EXERCISE DETAILS:
Please return all of the data exactly as written.

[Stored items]
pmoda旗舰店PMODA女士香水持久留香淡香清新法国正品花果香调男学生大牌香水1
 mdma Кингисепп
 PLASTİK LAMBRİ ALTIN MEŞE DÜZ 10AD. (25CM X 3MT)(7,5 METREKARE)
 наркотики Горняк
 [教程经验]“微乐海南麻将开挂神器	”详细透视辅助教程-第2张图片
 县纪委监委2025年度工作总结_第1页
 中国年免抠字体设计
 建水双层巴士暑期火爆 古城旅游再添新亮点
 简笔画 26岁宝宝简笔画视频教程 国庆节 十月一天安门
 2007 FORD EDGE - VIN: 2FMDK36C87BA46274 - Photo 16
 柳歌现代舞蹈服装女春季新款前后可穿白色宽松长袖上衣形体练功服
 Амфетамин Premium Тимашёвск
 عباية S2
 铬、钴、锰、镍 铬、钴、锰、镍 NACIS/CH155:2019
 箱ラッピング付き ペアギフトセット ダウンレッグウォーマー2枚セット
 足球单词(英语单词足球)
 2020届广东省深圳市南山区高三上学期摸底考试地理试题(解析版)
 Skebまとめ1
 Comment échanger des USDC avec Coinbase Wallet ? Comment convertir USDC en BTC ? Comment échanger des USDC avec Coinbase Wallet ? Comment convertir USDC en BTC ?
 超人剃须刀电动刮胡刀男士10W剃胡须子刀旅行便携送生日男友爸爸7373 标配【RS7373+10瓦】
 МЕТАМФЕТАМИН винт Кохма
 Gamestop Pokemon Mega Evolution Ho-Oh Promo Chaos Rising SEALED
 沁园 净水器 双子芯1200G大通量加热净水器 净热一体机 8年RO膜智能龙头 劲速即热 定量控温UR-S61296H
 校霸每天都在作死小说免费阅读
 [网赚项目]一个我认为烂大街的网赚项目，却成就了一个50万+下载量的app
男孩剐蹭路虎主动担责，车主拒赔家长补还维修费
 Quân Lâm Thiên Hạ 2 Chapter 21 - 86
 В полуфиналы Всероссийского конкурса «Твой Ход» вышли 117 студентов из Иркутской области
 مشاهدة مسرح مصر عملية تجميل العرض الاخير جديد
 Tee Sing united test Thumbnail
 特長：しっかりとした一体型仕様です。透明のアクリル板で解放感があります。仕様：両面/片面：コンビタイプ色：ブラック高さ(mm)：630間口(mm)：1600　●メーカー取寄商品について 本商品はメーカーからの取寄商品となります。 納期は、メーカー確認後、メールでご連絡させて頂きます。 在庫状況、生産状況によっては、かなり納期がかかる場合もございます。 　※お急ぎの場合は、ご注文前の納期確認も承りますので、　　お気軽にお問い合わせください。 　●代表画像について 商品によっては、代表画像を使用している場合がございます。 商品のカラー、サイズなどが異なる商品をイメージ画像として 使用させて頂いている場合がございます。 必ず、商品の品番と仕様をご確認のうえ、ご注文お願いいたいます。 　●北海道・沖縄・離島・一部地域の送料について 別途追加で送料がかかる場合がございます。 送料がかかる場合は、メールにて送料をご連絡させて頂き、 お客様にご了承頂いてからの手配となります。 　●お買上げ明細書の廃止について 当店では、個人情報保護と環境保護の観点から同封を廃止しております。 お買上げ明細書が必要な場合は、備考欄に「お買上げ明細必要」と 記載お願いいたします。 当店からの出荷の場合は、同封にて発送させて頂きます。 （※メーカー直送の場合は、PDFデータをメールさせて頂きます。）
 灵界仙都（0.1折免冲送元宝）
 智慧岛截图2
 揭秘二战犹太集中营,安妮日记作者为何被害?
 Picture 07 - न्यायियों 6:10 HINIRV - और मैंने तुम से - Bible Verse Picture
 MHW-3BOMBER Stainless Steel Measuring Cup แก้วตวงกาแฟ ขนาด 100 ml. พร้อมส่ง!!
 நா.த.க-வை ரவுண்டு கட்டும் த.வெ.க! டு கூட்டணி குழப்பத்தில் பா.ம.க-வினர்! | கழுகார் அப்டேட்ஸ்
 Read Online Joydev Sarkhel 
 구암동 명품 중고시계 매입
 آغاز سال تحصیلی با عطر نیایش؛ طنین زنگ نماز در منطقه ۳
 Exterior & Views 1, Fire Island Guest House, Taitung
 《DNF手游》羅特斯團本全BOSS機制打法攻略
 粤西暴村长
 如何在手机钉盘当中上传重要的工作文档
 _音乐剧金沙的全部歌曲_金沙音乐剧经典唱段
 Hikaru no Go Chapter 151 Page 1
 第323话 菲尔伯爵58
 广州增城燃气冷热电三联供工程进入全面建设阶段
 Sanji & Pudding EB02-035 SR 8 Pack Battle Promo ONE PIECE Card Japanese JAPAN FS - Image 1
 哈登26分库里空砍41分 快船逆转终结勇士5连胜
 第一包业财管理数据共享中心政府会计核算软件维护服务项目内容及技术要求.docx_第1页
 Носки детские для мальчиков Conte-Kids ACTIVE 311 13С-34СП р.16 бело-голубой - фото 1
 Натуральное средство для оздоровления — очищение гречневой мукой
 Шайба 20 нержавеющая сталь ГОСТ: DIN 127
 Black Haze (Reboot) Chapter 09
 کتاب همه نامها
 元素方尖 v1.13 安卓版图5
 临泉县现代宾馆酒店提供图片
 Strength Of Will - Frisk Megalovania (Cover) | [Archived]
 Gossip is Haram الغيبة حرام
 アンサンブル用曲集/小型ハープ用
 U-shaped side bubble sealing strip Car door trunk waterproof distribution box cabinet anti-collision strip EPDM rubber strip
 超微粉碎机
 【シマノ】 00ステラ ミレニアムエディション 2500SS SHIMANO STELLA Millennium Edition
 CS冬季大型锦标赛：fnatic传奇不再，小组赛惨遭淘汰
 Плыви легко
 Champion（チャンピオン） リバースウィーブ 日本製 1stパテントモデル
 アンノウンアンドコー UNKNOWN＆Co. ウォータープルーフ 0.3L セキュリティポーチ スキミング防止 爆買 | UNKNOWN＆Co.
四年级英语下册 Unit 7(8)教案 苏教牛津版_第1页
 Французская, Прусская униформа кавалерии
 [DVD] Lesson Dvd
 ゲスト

TASK SOLUTION:
pmoda旗舰店PMODA女士香水持久留香淡香清新法国正品花果香调男学生大牌香水1
 mdma Кингисепп
 PLASTİK LAMBRİ ALTIN MEŞE DÜZ 10AD. (25CM X 3MT)(7,5 METREKARE)
 наркотики Горняк
 [教程经验]“微乐海南麻将开挂神器	”详细透视辅助教程-第2张图片
 县纪委监委2025年度工作总结_第1页
 中国年免抠字体设计
 建水双层巴士暑期火爆 古城旅游再添新亮点
 简笔画 26岁宝宝简笔画视频教程 国庆节 十月一天安门
 2007 FORD EDGE - VIN: 2FMDK36C87BA46274 - Photo 16
 柳歌现代舞蹈服装女春季新款前后可穿白色宽松长袖上衣形体练功服
 Амфетамин Premium Тимашёвск
 عباية S2
 铬、钴、锰、镍 铬、钴、锰、镍 NACIS/CH155:2019
 箱ラッピング付き ペアギフトセット ダウンレッグウォーマー2枚セット
 足球单词(英语单词足球)
 2020届广东省深圳市南山区高三上学期摸底考试地理试题(解析版)
 Skebまとめ1
 Comment échanger des USDC avec Coinbase Wallet ? Comment convertir USDC en BTC ? Comment échanger des USDC avec Coinbase Wallet ? Comment convertir USDC en BTC ?
 超人剃须刀电动刮胡刀男士10W剃胡须子刀旅行便携送生日男友爸爸7373 标配【RS7373+10瓦】
 МЕТАМФЕТАМИН винт Кохма
 Gamestop Pokemon Mega Evolution Ho-Oh Promo Chaos Rising SEALED
 沁园 净水器 双子芯1200G大通量加热净水器 净热一体机 8年RO膜智能龙头 劲速即热 定量控温UR-S61296H
 校霸每天都在作死小说免费阅读
 [网赚项目]一个我认为烂大街的网赚项目，却成就了一个50万+下载量的app
男孩剐蹭路虎主动担责，车主拒赔家长补还维修费
 Quân Lâm Thiên Hạ 2 Chapter 21 - 86
 В полуфиналы Всероссийского конкурса «Твой Ход» вышли 117 студентов из Иркутской области
 مشاهدة مسرح مصر عملية تجميل العرض الاخير جديد
 Tee Sing united test Thumbnail
 特長：しっかりとした一体型仕様です。透明のアクリル板で解放感があります。仕様：両面/片面：コンビタイプ色：ブラック高さ(mm)：630間口(mm)：1600　●メーカー取寄商品について 本商品はメーカーからの取寄商品となります。 納期は、メーカー確認後、メールでご連絡させて頂きます。 在庫状況、生産状況によっては、かなり納期がかかる場合もございます。 　※お急ぎの場合は、ご注文前の納期確認も承りますので、　　お気軽にお問い合わせください。 　●代表画像について 商品によっては、代表画像を使用している場合がございます。 商品のカラー、サイズなどが異なる商品をイメージ画像として 使用させて頂いている場合がございます。 必ず、商品の品番と仕様をご確認のうえ、ご注文お願いいたいます。 　●北海道・沖縄・離島・一部地域の送料について 別途追加で送料がかかる場合がございます。 送料がかかる場合は、メールにて送料をご連絡させて頂き、 お客様にご了承頂いてからの手配となります。 　●お買上げ明細書の廃止について 当店では、個人情報保護と環境保護の観点から同封を廃止しております。 お買上げ明細書が必要な場合は、備考欄に「お買上げ明細必要」と 記載お願いいたします。 当店からの出荷の場合は、同封にて発送させて頂きます。 （※メーカー直送の場合は、PDFデータをメールさせて頂きます。）
 灵界仙都（0.1折免冲送元宝）
 智慧岛截图2
 揭秘二战犹太集中营,安妮日记作者为何被害?
 Picture 07 - न्यायियों 6:10 HINIRV - और मैंने तुम से - Bible Verse Picture
 MHW-3BOMBER Stainless Steel Measuring Cup แก้วตวงกาแฟ ขนาด 100 ml. พร้อมส่ง!!
 நா.த.க-வை ரவுண்டு கட்டும் த.வெ.க! டு கூட்டணி குழப்பத்தில் பா.ம.க-வினர்! | கழுகார் அப்டேட்ஸ்
 Read Online Joydev Sarkhel 
 구암동 명품 중고시계 매입
 آغاز سال تحصیلی با عطر نیایش؛ طنین زنگ نماز در منطقه ۳
 Exterior & Views 1, Fire Island Guest House, Taitung
 《DNF手游》羅特斯團本全BOSS機制打法攻略
 粤西暴村长
 如何在手机钉盘当中上传重要的工作文档
 _音乐剧金沙的全部歌曲_金沙音乐剧经典唱段
 Hikaru no Go Chapter 151 Page 1
 第323话 菲尔伯爵58
 广州增城燃气冷热电三联供工程进入全面建设阶段
 Sanji & Pudding EB02-035 SR 8 Pack Battle Promo ONE PIECE Card Japanese JAPAN FS - Image 1
 哈登26分库里空砍41分 快船逆转终结勇士5连胜
 第一包业财管理数据共享中心政府会计核算软件维护服务项目内容及技术要求.docx_第1页
 Носки детские для мальчиков Conte-Kids ACTIVE 311 13С-34СП р.16 бело-голубой - фото 1
 Натуральное средство для оздоровления — очищение гречневой мукой
 Шайба 20 нержавеющая сталь ГОСТ: DIN 127
 Black Haze (Reboot) Chapter 09
 کتاب همه نامها
 元素方尖 v1.13 安卓版图5
 临泉县现代宾馆酒店提供图片
 Strength Of Will - Frisk Megalovania (Cover) | [Archived]
 Gossip is Haram الغيبة حرام
 アンサンブル用曲集/小型ハープ用
 U-shaped side bubble sealing strip Car door trunk waterproof distribution box cabinet anti-collision strip EPDM rubber strip
 超微粉碎机
 【シマノ】 00ステラ ミレニアムエディション 2500SS SHIMANO STELLA Millennium Edition
 CS冬季大型锦标赛：fnatic传奇不再，小组赛惨遭淘汰
 Плыви легко
 Champion（チャンピオン） リバースウィーブ 日本製 1stパテントモデル
 アンノウンアンドコー UNKNOWN＆Co. ウォータープルーフ 0.3L セキュリティポーチ スキミング防止 爆買 | UNKNOWN＆Co.
四年级英语下册 Unit 7(8)教案 苏教牛津版_第1页
 Французская, Прусская униформа кавалерии
 [DVD] Lesson Dvd
 ゲスト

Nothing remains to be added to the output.